Das ist die erste bekannt gewordene Entscheidung eines Obergerichts, das sich für die sofortige Anwendung der den PKH-Anwalt betreffenden Neufassung des § 55 Abs. 5 RVG ausspricht. Demgegenüber hat das Hess.LAG RVGreport 2009, 305 (Hansens) in seinem vor dem Inkrafttreten der §§ 15a, 55 Abs. 5 RVG ergangenen Beschluss v. 7.7.2009 in nur einem Satz die Auffassung vertreten, für die Neuregelung sei auf die allgemeine Übergangsregelung des § 60 Abs. 1 RVG abzustellen. Für die Anwendung des § 15a Abs. 2 RVG im Kostenfestsetzungsverfahren ist es ebenso umstritten, ob die Neuregelung sofort am 5.8.2009 anzuwenden ist, so OLG Stuttgart RVGreport 2009, 349 (Hansens), OLG Dresden RVGreport 2009, 352 (Hansens) und LG Berlin RVGreport 2009, 350 (N. Schneider) oder ob ferner noch die Übergangsvorschrift des § 60 RVG anzuwenden ist, so OLG Hamm RVGreport 2009, 352 (Hansens) und OLG Düsseldorf RVGreport 2009, 353 (Hansens).

Die Auffassung, die sich für die sofortige Anwendung der Neuregelung in § 15a Abs. 2 und § 55 Abs. 5 RVG ausspricht, kann sich auf den Wortlaut des § 60 Abs. 1 RVG berufen, der auf die Berechnung der Vergütung im Verhältnis zwischen Rechtsanwalt und Auftraggeber abstellt. Demgegenüber geht es in § 15a Abs. 2 RVG darum, unter welchen Voraussetzungen sich ein Dritter beispielsweise im Kostenfestsetzungsverfahren auf die Gebührenanrechnung berufen kann und in § 55 Abs. 5 RVG, welche Angaben der PKH-Anwalt in seinem Festsetzungsantrag gegenüber der Staatskasse zu machen hat (so auch Hansens, RVGreport 2009, 241, 246; AnwBl. 2009, 535, 539 und zfs 2009, 430).

Während im Kostenfestsetzungsverfahren nach der ZPO eine Entscheidung des BGH zur Anwendbarkeit des § 15a Abs. 2 RVG im Rahmen der Rechtsbeschwerde möglich ist – das OLG Stuttgart und das LG Berlin, a.a.O. haben jeweils die Rechtsbeschwerde zugelassen –, kommt in Verfahren betreffend die Festsetzung der PKH-Anwaltsvergütung eine Entscheidung des BGH oder eines anderen Obersten Bundesgerichtes nicht in Betracht (s. § 56 Abs. 2 S. 1 i.V.m. § 33 Abs. 4 S. 3 RVG).

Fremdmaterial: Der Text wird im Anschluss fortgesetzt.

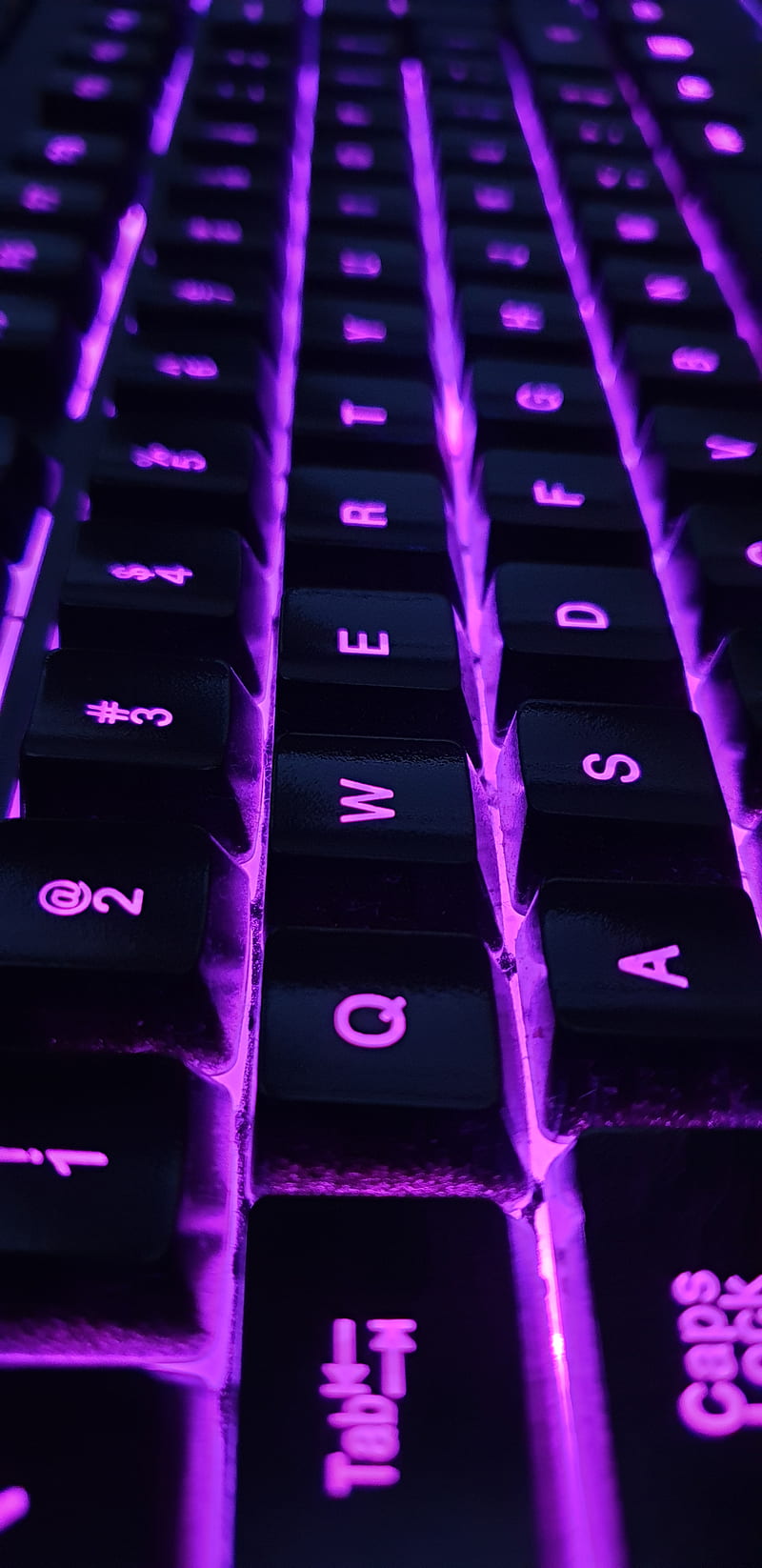 Purple Keyboard, purplea, keyboard, it, technology, qwerty, HD phone wallpaper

Folgt man der Auffassung des OVG NRW hier, kann jeder PKH-Anwalt, der die teilweise Absetzung einer ihm nicht gezahlten Geschäftsgebühr durch den Urkundsbeamten der Geschäftsstelle hinnehmen musste, mit der unbefristeten (!) Erinnerung (in § 56 Abs. 2 S. 1 RVG wird nicht auf die somit nur für die Beschwerde geltende Beschwerdefrist des § 33 Abs. 3 S. 3 RVG verwiesen) geltend machen, die Geschäftsgebühr sei nach der Neufassung des § 55 Abs. 5 S. 2 u. 3 RVG nicht anzurechnen, weil er sie tatsächlich nicht erhalten habe. Dann können die PKH-Anwälte "den Spies umdrehen". Mancherorts hatte nämlich der eine oder andere Bezirksrevisor gegen längst abgeschlossene Festsetzungen Erinnerung mit der Begründung eingelegt, nach Auffassung des BGH entstehe die Verfahrensgebühr wegen der in Vorbem. 3 Abs. 4 VV RVG angeordneten Anrechnung von Anfang an nur in gekürzter Höhe. Dies kann nunmehr unter Hinweis auf die Entscheidung des NRW wieder rückgängig gemacht werden, da gegen die auf die Erinnerung des Bezirksrevisors ergangene Abhilfeentscheidung wiederum die – unbefristete – Erinnerung des PKH-Anwalts gegeben ist.